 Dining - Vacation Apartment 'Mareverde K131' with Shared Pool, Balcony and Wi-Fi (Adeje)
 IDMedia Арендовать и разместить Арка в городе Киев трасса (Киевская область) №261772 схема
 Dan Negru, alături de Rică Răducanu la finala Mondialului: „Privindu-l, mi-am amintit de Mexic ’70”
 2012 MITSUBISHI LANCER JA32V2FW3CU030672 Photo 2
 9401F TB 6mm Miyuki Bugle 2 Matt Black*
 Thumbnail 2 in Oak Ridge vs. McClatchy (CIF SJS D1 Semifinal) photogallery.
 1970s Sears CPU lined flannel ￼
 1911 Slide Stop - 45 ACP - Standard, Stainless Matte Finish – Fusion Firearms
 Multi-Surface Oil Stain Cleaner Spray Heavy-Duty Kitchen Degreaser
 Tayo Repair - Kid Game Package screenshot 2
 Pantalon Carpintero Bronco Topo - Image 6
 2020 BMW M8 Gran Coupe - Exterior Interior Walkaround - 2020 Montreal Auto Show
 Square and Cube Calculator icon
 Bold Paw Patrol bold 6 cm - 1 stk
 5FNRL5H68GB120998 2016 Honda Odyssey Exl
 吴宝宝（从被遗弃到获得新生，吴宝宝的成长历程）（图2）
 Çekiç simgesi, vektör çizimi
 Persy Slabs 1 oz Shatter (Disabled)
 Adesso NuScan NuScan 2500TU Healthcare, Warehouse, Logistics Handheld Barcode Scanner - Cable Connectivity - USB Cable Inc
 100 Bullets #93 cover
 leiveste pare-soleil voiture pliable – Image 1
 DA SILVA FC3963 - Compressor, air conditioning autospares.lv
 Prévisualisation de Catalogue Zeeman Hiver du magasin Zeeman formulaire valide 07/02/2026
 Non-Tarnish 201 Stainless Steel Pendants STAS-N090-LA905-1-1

• Your instructions: Lines with "Stainless" in the records above: copy every one of them.

• The answer:
 1911 Slide Stop - 45 ACP - Standard, Stainless Matte Finish – Fusion Firearms
 Non-Tarnish 201 Stainless Steel Pendants STAS-N090-LA905-1-1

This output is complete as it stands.